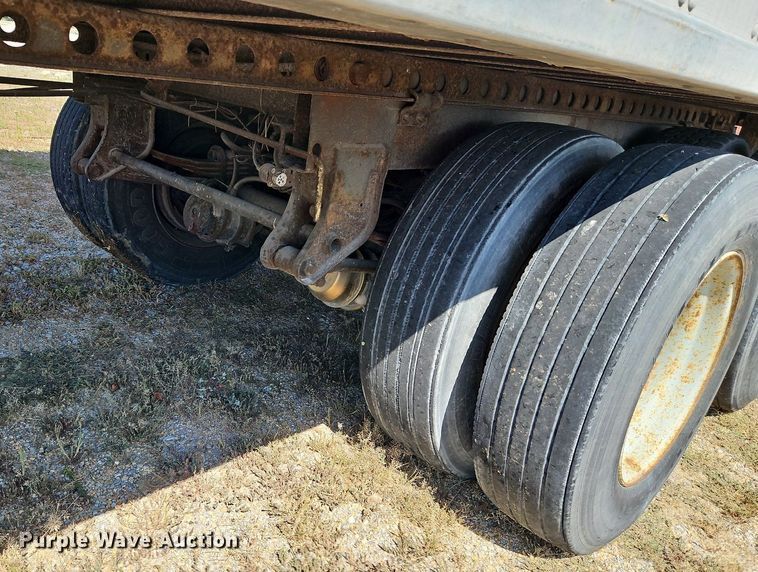 image for item DP2356 1999 Trailmobile  dry van trailer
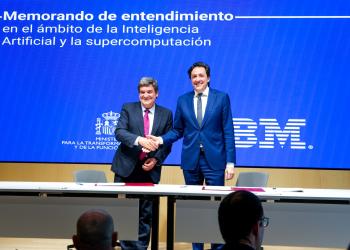 Foto de dos personas ejecutivas dandose la mano el uno al otro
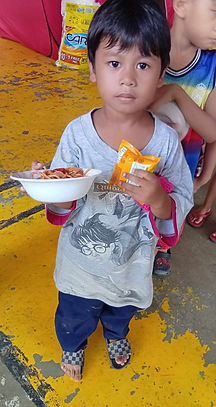 Child receiving nutritious meal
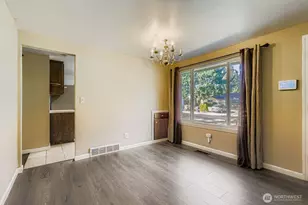 14630 3rd Ave SW, Burien, WA 98166 - Photo 4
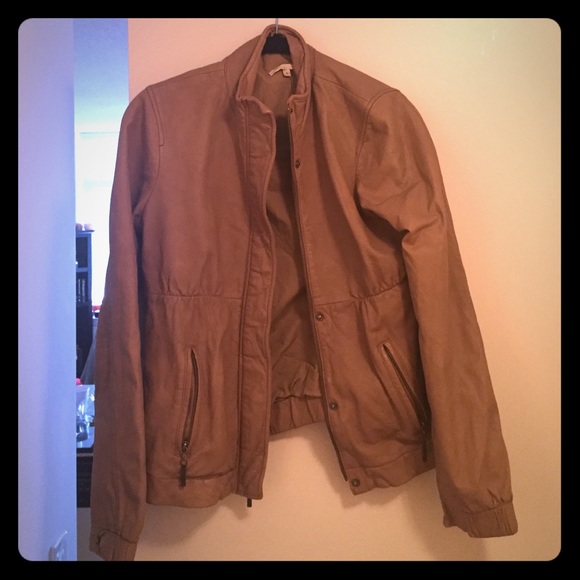 Amazingly soft leather jacket by Vince!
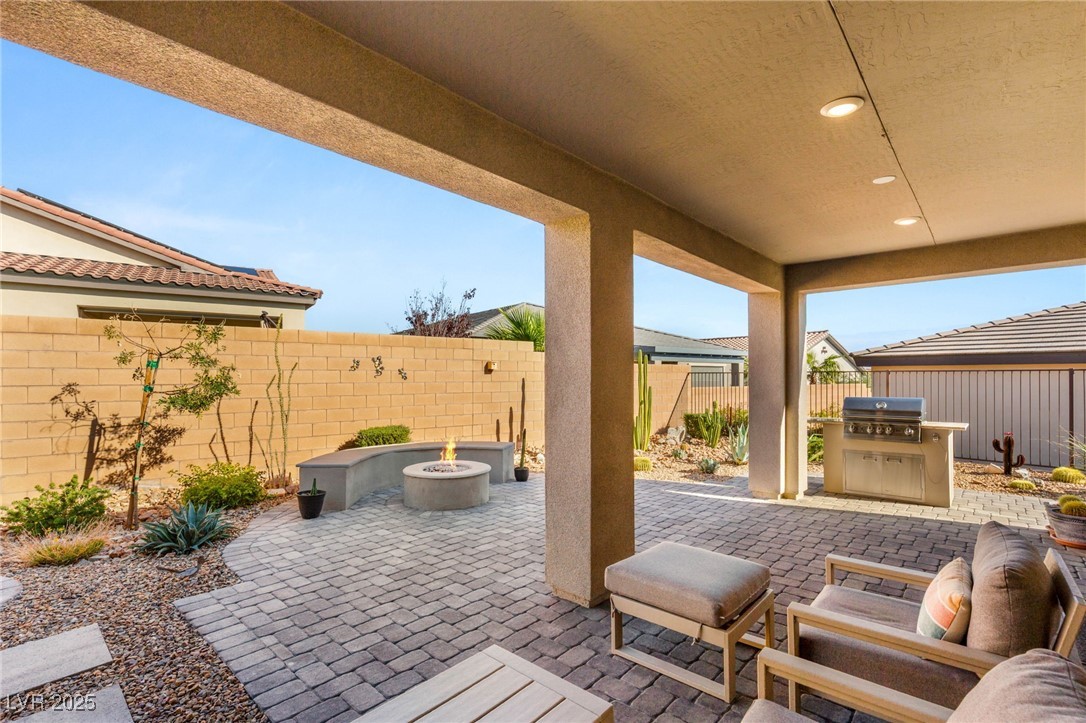 14 Summer Agave Avenue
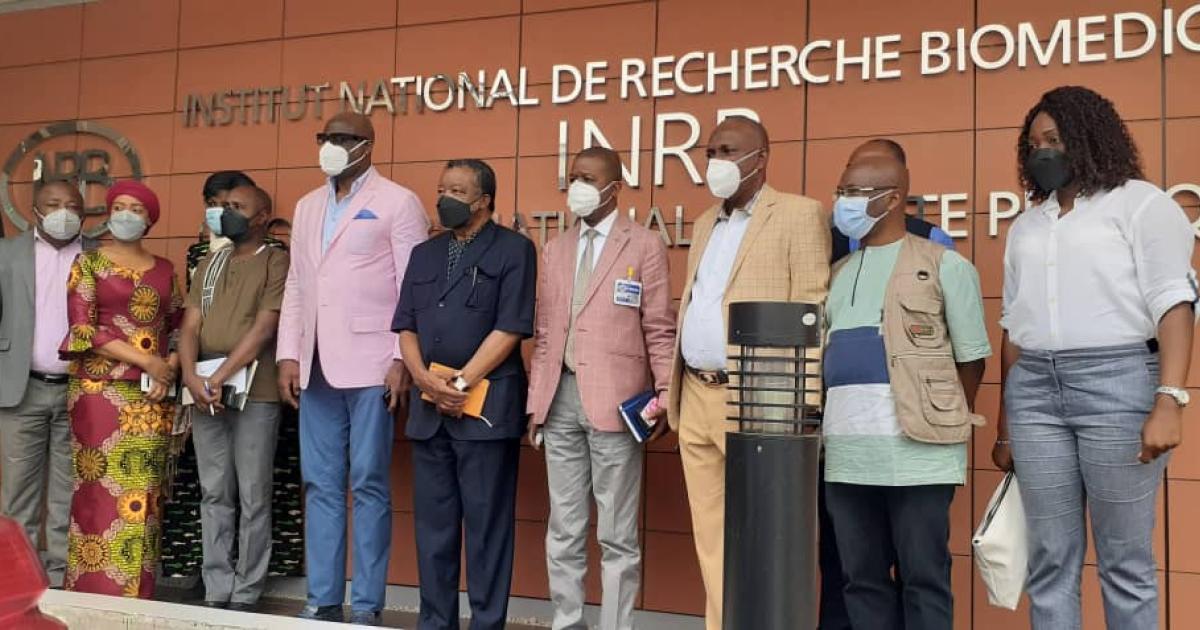 La délégation de la FECOFA conduite par Constant Omari reçue à l'INRB par le Dr. Muyembe/Ph.droits tiers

==================================================

HOW TO COMPLETE THIS TASK
Print the preceding material over again exactly. Please leave the pictures out.

ANSWER TO THE PROBLEM
 image for item DP2356 1999 Trailmobile  dry van trailer
 Foto de dos personas ejecutivas dandose la mano el uno al otro
 Child receiving nutritious meal
 14630 3rd Ave SW, Burien, WA 98166 - Photo 4
 Amazingly soft leather jacket by Vince!
 14 Summer Agave Avenue
 La délégation de la FECOFA conduite par Constant Omari reçue à l'INRB par le Dr. Muyembe/Ph.droits tiers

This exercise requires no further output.